With the rise of video-based marketing and increased affordability of video equipment, video editing is becoming an essential skill. At first glance, it seems daunting, but apps such as iMovie have made simple movie editing relatively easy to do. If you want to be a professional video editor, though, you need to know the tips and techniques that the experts use.
1. Know the Lingo
NLE: Final Cut Pro, Adobe Premiere Pro, and other such programs are non-linear editing programs (NLEs). They allow you to modify audiovisual footage without making permanent changes, which is ideal for correcting mistakes or making several different drafts of a vide.
Codec: The codec describes the file format of your video. Essentially, it’s the way that your video’s data is stored and then rendered on a viewing device. To choose the best codec for your project, know where your viewers will be watching it. There’s a huge difference between short social media videos and feature films that need to be shown on a big screen.
Resolution: As with photos or graphics, your video’s resolution is a measure of many pixels per inch your video has. Higher resolution video is going to look better but produce a much larger file size.
Bit Rate: The bit rate is the amount of data stored in one second of video. The higher the bit rate, the smoother and more vivid the video will look and play.
This is important to know because major video publishing platforms such as YouTube and Facebook tend to compress videos.

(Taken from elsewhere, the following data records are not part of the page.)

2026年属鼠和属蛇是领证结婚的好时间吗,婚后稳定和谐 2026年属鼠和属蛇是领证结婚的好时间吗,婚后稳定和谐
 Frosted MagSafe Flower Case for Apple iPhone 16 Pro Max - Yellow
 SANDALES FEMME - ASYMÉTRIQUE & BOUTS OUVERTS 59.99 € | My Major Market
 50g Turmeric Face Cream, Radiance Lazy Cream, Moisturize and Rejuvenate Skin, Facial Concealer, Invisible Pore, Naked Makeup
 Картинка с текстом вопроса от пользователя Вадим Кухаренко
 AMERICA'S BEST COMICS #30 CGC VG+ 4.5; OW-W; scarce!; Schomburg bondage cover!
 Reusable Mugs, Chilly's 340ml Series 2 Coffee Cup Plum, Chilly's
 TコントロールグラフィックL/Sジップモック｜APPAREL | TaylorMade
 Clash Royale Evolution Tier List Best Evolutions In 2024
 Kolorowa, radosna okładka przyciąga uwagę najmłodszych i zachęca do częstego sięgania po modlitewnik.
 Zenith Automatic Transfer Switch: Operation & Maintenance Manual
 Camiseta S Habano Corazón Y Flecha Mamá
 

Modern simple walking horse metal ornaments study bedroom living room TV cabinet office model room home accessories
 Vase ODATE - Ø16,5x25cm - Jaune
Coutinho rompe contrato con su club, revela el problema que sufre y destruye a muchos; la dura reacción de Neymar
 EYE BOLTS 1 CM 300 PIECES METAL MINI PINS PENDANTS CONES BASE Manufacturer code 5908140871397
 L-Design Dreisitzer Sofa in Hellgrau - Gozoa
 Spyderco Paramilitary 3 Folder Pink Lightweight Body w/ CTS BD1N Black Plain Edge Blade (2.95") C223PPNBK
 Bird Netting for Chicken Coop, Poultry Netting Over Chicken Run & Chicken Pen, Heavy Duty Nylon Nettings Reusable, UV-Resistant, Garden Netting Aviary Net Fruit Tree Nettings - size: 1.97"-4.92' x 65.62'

Low- resolution, low-bit rate videos might look blurry or pixelated once published on these platforms.
2. Mix Up Your Cuts
Nothing is more boring than a video that simply strings together a bunch of shots. If someone is talking to the camera, overlay shots that illustrate what they’re talking about, and let their audio extend over footage of other subjects. These are called J and L cuts, and they’re essential for professional videos.
If your video uses the “Ken Burns” effect, in which still images are edited together in a moving story, pay close attention to the timing and speed of the stills. Quick zoom-ins or messily placed stills make your video look amateurish. Aim to have the stills change at key words in the script, and alternate the direction of the zooms and pans for a more dynamic look.
Finally, when including “talking head” shots, in which someone is talking to someone off-camera (e.g. in an interview), be consistent in the framing and editing of those shots unless you make a drastic change (e.g. a closeup of their face) for dramatic effect. In most scenarios, you’ll want the speaker to be positioned at one side of the frame and looking just off-camera rather than right into the lens.
3. Use Your Keyboard
Not only does using keyboard shortcuts while editing save you time, but it can also improve the accuracy of your edits. No more mouse slips that take you off course, and no more struggles to constantly navigate your NLE’s (often cumbersome) menu system. Memorize your program’s shortcuts and use your keyboard, rather than your mouse, for a more streamlined, productive editing experience.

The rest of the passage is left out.